- **What is needed**
Nothing but the records, copied exactly and stripped of pictures, should be in the answer.

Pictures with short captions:
- - - - -

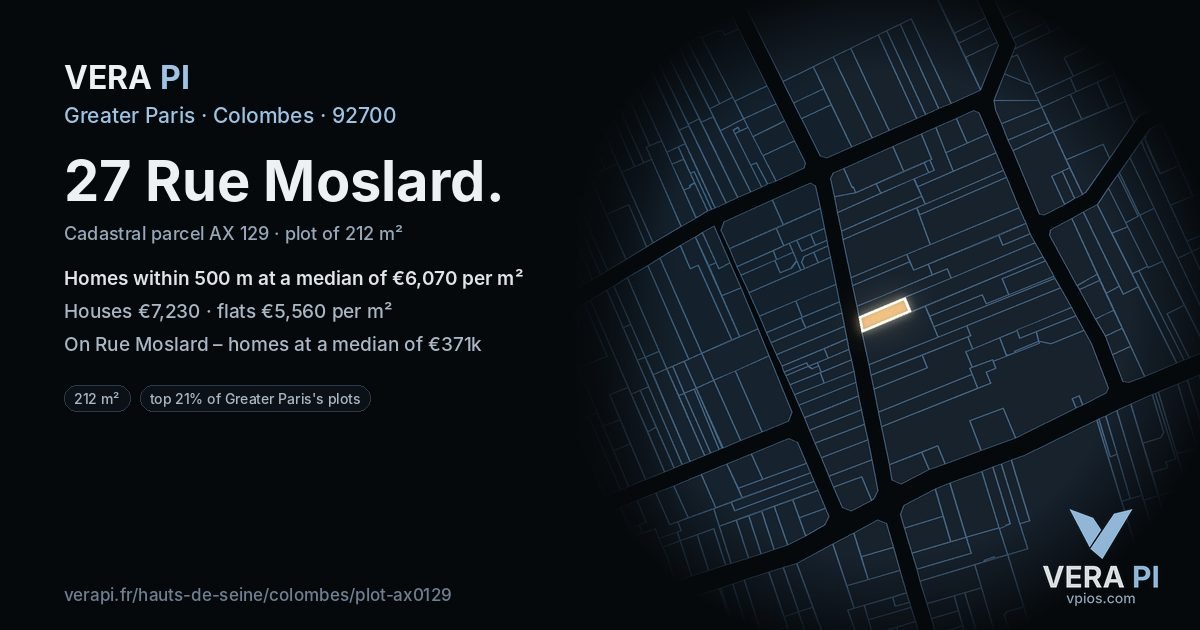 27 Rue Moslard, Colombes at night – the plot lit, the parcels around coloured by the prices near them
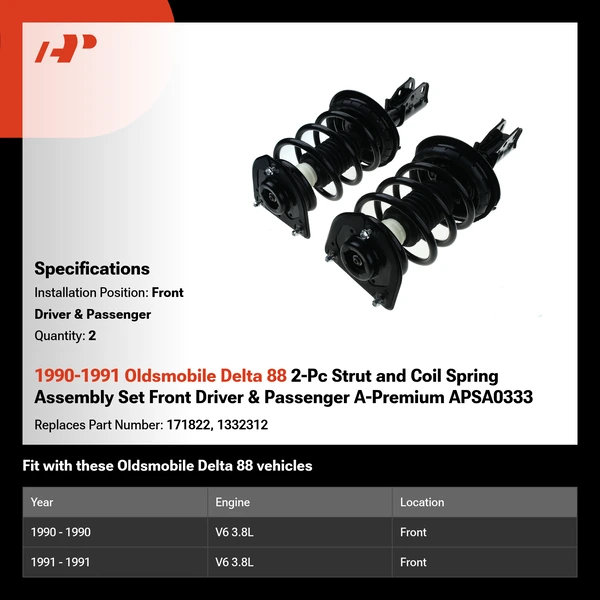 1990-1991 Oldsmobile Delta 88 2-Pc Strut and Coil Spring Assembly Set Front Driver & Passenger A-Premium APSA0333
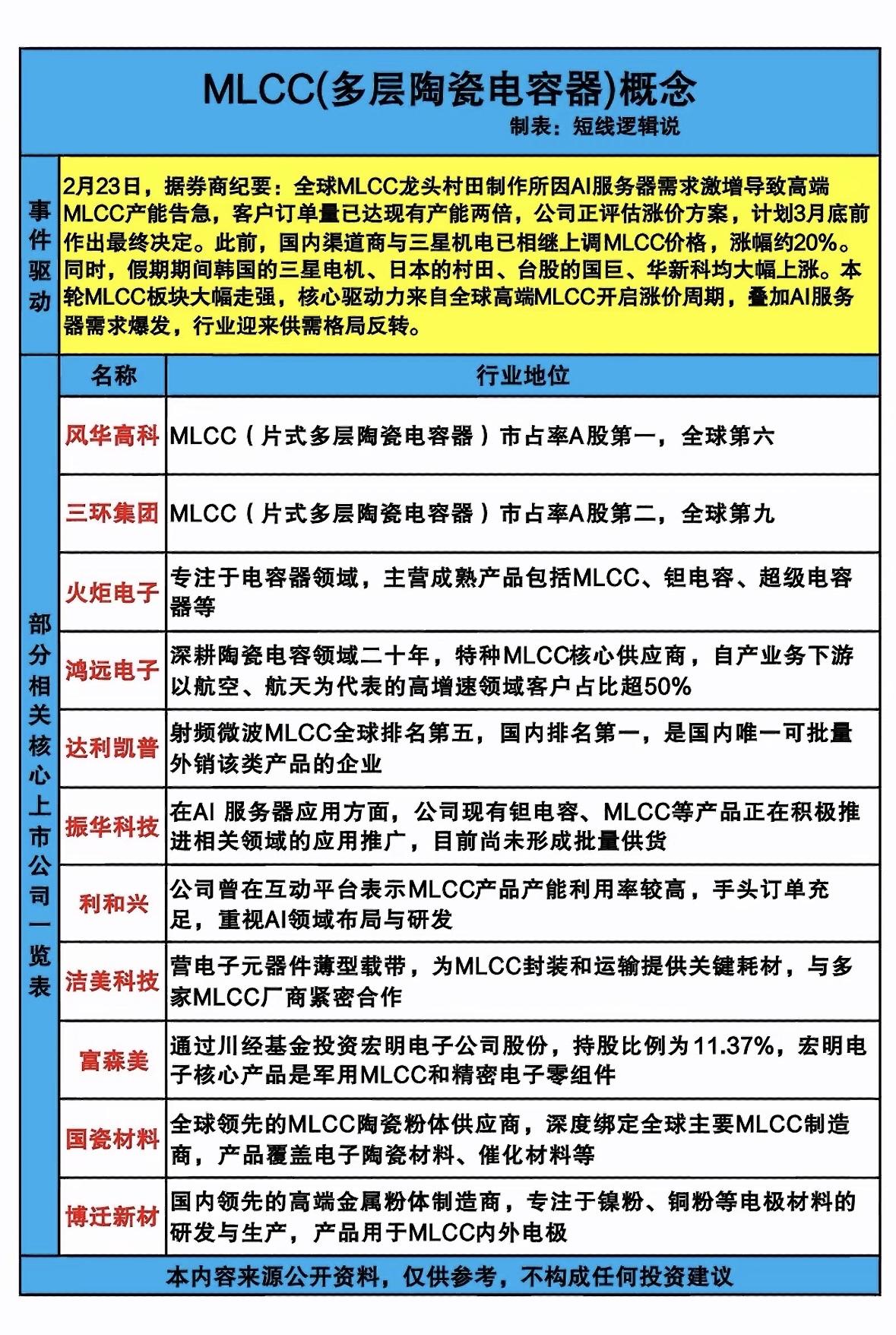 聊起MLCC概念股，有几家龙头企业不得不提。比如风华高科，它是国内MLCC行业的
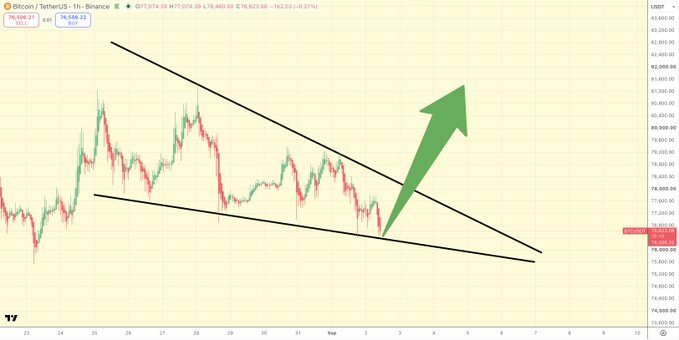 A Bitcoin/USDT price chart from TradingView showing a descending channel pattern with a green arrow indicating a potential upward breakout.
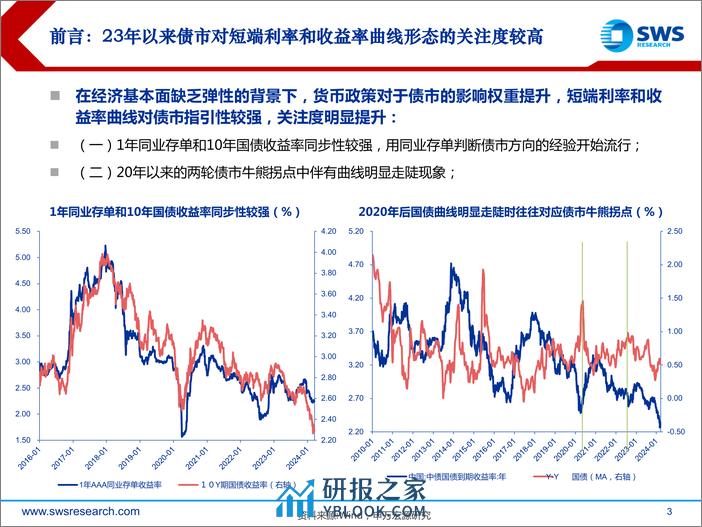 掘金固收系列报告之九：收益率曲线形态与债市拐点-240326-申万宏源-39页 - 第3页预览图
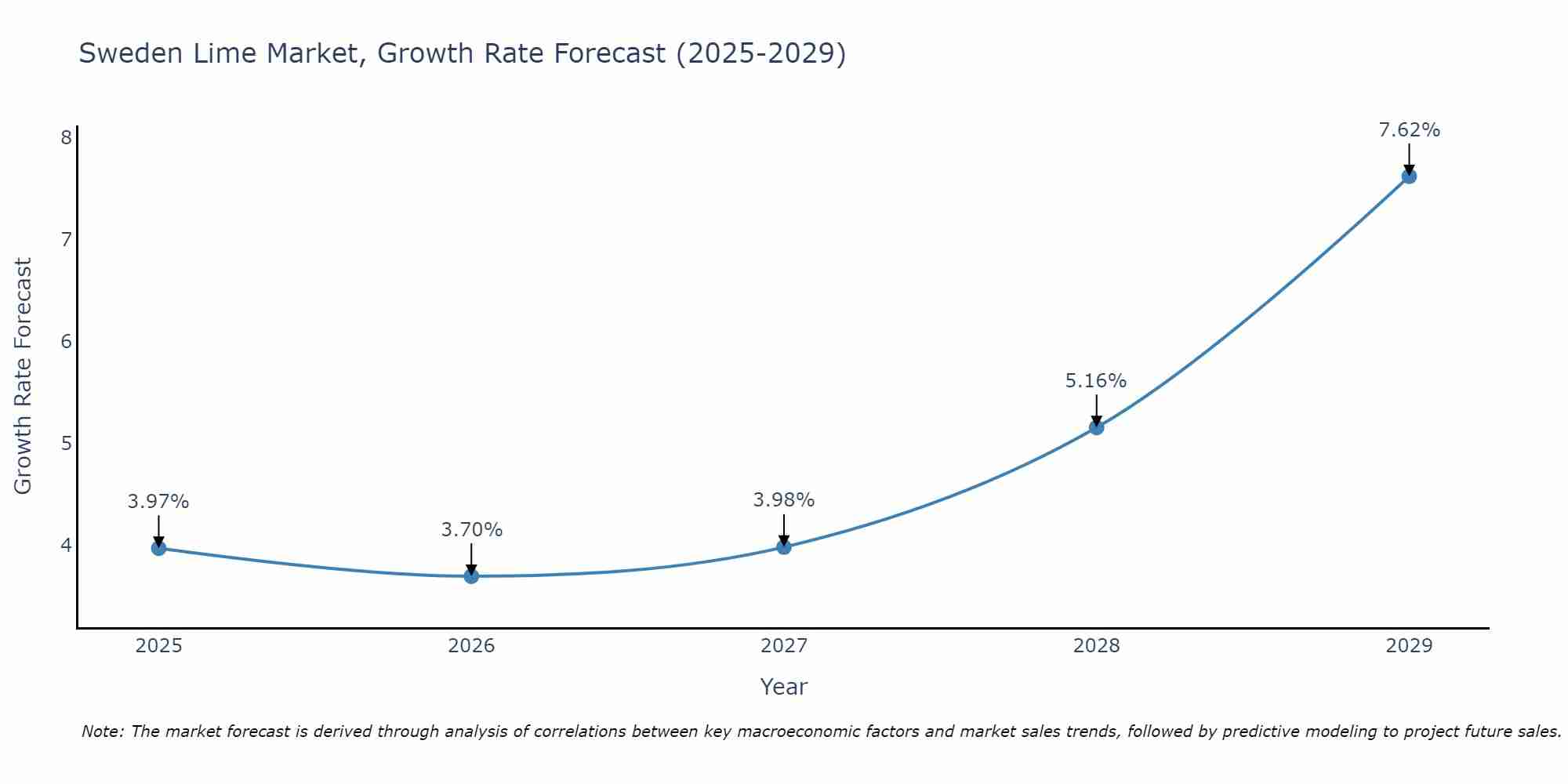 Sweden Lime Market Growth Rate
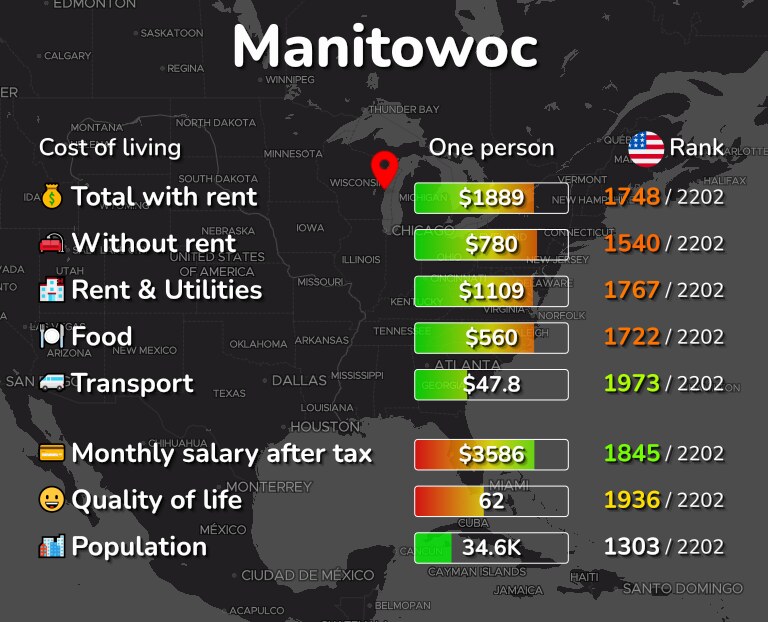 Cost of living in Manitowoc infographic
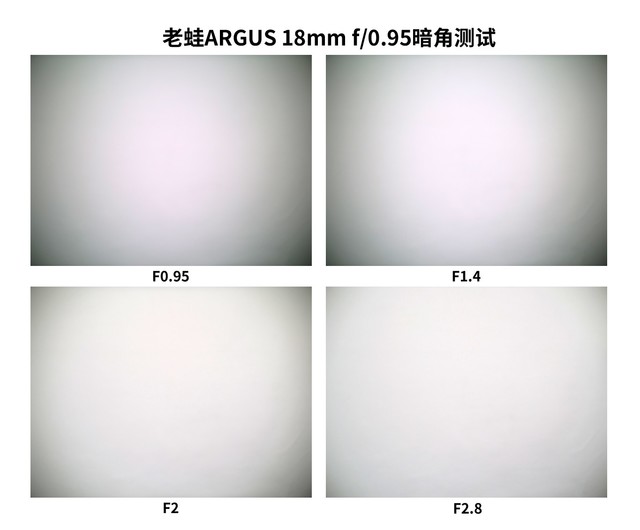 【有料评测】老蛙MFT Argus 18mm f/0.95 APO镜头评测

- - - - -

- **Answer below**
 27 Rue Moslard, Colombes at night – the plot lit, the parcels around coloured by the prices near them
 1990-1991 Oldsmobile Delta 88 2-Pc Strut and Coil Spring Assembly Set Front Driver & Passenger A-Premium APSA0333
 聊起MLCC概念股，有几家龙头企业不得不提。比如风华高科，它是国内MLCC行业的
 A Bitcoin/USDT price chart from TradingView showing a descending channel pattern with a green arrow indicating a potential upward breakout.
 掘金固收系列报告之九：收益率曲线形态与债市拐点-240326-申万宏源-39页 - 第3页预览图
 Sweden Lime Market Growth Rate
 Cost of living in Manitowoc infographic
 【有料评测】老蛙MFT Argus 18mm f/0.95 APO镜头评测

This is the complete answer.